563 kilos, 163cm hano


----------



## emmysophie96 (1 May 2009)

My 16.2 TB x ID x Connemara is about 540 on a weight tape and he has a 56" girth.  He's definitely not fat and not big boned, he has more TB than ID and I would describe him as a lightweight hunter type.  He's fairly lean all over but just has a broad girth and rounded rib cage that makes him look like a pregnant mare from some angles  
	
	
		
		
	


	




 Needs some muscle tone me thinks


----------



## only_me (1 May 2009)

My 16.2 is 486kg give or take a couple of kg 
	
	
		
		
	


	





He is a LW hunter


----------



## glitterfuzz (1 May 2009)

My 16.2 polish sports horse is 537kg according to a weigh tape.  I dont know if its correct but I can tell if hes gained or lost weight from regularly using the same one


----------



## only_me (1 May 2009)

having read all the other replies i am now slightly worried that my boy is too light 
	
	
		
		
	


	




 he takes a 48" girth...


----------



## MegaBeast (1 May 2009)

16.1hh TB quite lean
505kg but has a 54 girth!


----------



## pinktiger (1 May 2009)

[ QUOTE ]
having read all the other replies i am now slightly worried that my boy is too light 
	
	
		
		
	


	




 he takes a 48" girth... 

[/ QUOTE ]


i think if i rem rightly your an eventer???  if so your horse will need to be more athletic and therefor slighter!!  dont worry!!!!!


----------



## Steeleydan (1 May 2009)

Jack is 16.1hh lean tb and is 521kg at moment. Goes down to 506kg at end of hunting season and by the end of summer rest usually about 540kg.


----------



## MrsMozart (1 May 2009)

I haven't weigh taped my girl (16.3hh DW) because I know she's underweight - I can not only see her ribs, I can play tunes on them 
	
	
		
		
	


	




, also her bum is angular and there's no muscle anywhere.

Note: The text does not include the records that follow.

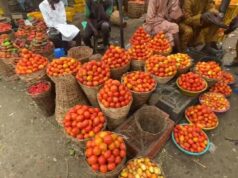 Kano tomato farmers suffer N1.5bn losses amid pest outbreak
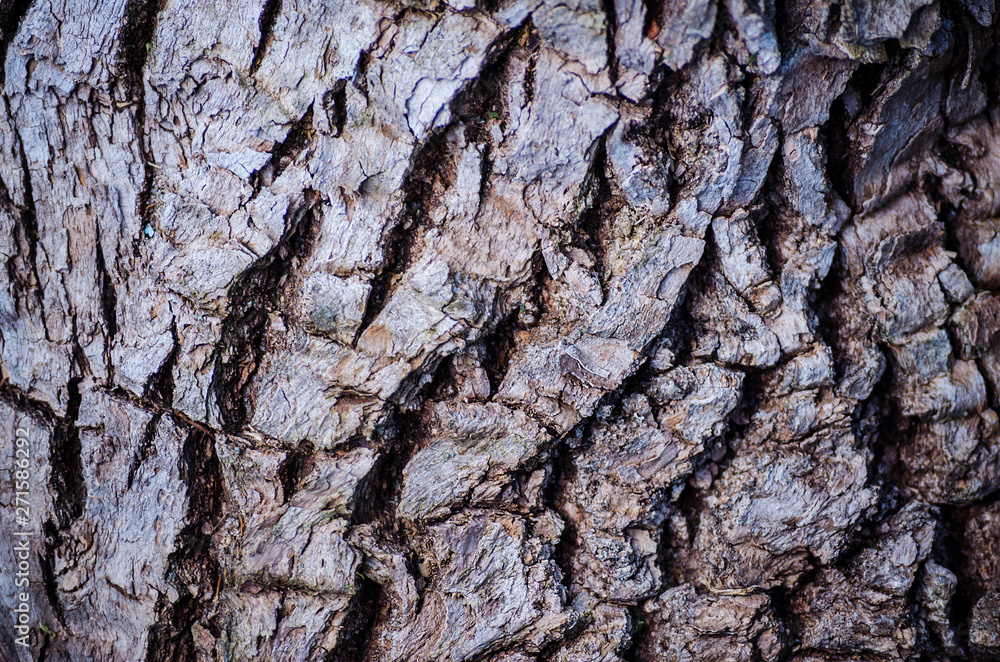 tree bark texture tree bark texture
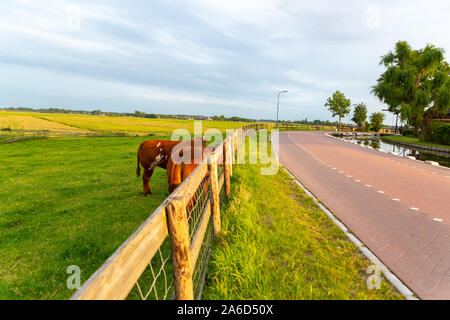 Ranch le long de la voie avec deux bêtes de pâturage des vaches Banque D'Images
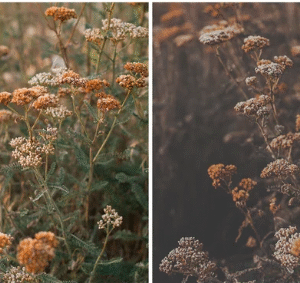 Focus Photoshop Action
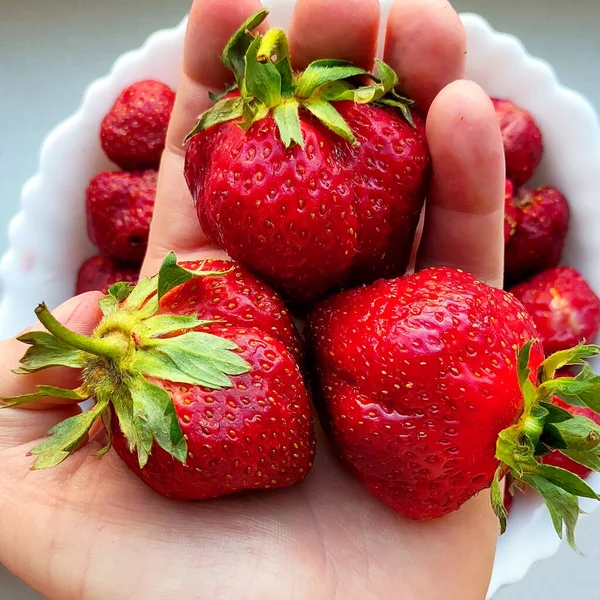 Drei Große Erdbeeren Der Hand Eines Mannes Auf Der Handfläche — Stockfoto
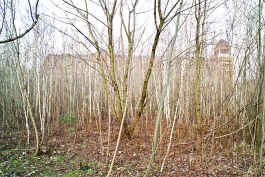 stadtwald Peter Eichler Fotografie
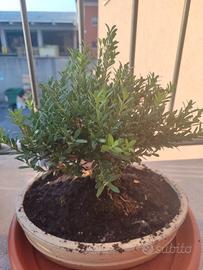 bonsai di bosso 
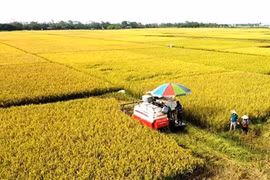 Les produits agricoles vietnamiens conquièrent le monde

But, she is putting on weight and some small amount of muscle - I know this by eye and feel; and as a five year old I know that she is broadening out and stll going upwards a bit. I also know her full-sister and half-brother so I know what she is likely to do, so am not worried.

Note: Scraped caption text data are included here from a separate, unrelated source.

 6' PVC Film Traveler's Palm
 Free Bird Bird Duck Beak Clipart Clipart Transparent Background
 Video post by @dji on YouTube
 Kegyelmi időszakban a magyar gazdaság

You have to take into account the individual horse. With Little Lad, he has a barrel body so can look fat, but I can feel his rbs and at certain angles they can be seen; I know where he lays down fat stores (shoulders and either side top of tail), so again with him I know what to look for. If you can feel your neds ribs, and there is muscle where it should be and no rolls of fat then your ned is right


----------



## bloominmadpaddie (1 May 2009)

I have a 16.2 tbx he is 525kg


----------



## KatB (1 May 2009)

Mines Irish (prob half Tb half something else!) and is approx 535kg. He is very deep through the girth, and takes a 52" girth in a "normal" saddle


----------



## Skhosu (2 May 2009)

thank you very much


----------



## Gorgeous George (2 May 2009)

George is a MW hunter, 3/4 tb 1/4 shire and is 16.3 and 546kg on the weigh tape.


----------



## ru-fi-do (2 May 2009)

My Irish sports horse (more ID than tb) was weighed when she went to the vets and was 702kg, that was in march.


----------